> **What you will do**
Although the data below holds other lines too, output only those from the line with "Fans are heartbroken" up to and including the line with "Hình ảnh Phạm", exactly as they appear.

> **Records provided**
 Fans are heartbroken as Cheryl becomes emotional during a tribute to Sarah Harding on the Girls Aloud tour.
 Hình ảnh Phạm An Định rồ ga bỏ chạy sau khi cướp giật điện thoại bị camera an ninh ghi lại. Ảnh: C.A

...

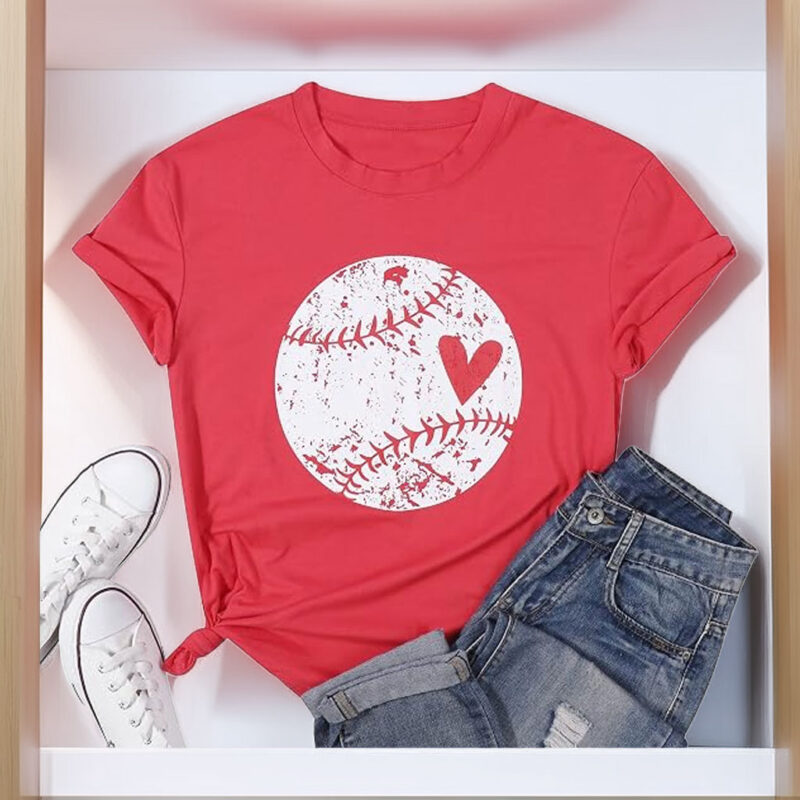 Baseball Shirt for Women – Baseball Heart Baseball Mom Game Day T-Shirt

* * *

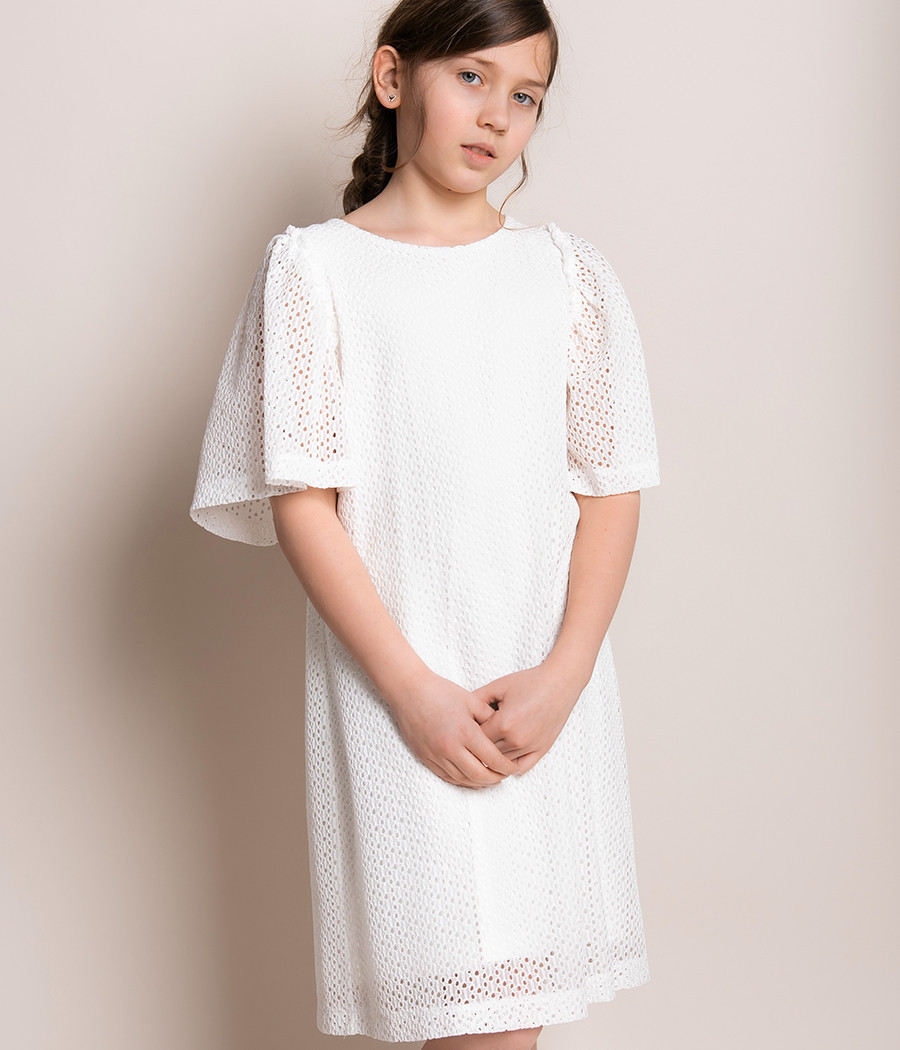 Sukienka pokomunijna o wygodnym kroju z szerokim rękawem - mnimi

> **Worked solution**
 Fans are heartbroken as Cheryl becomes emotional during a tribute to Sarah Harding on the Girls Aloud tour.
 Hình ảnh Phạm An Định rồ ga bỏ chạy sau khi cướp giật điện thoại bị camera an ninh ghi lại. Ảnh: C.A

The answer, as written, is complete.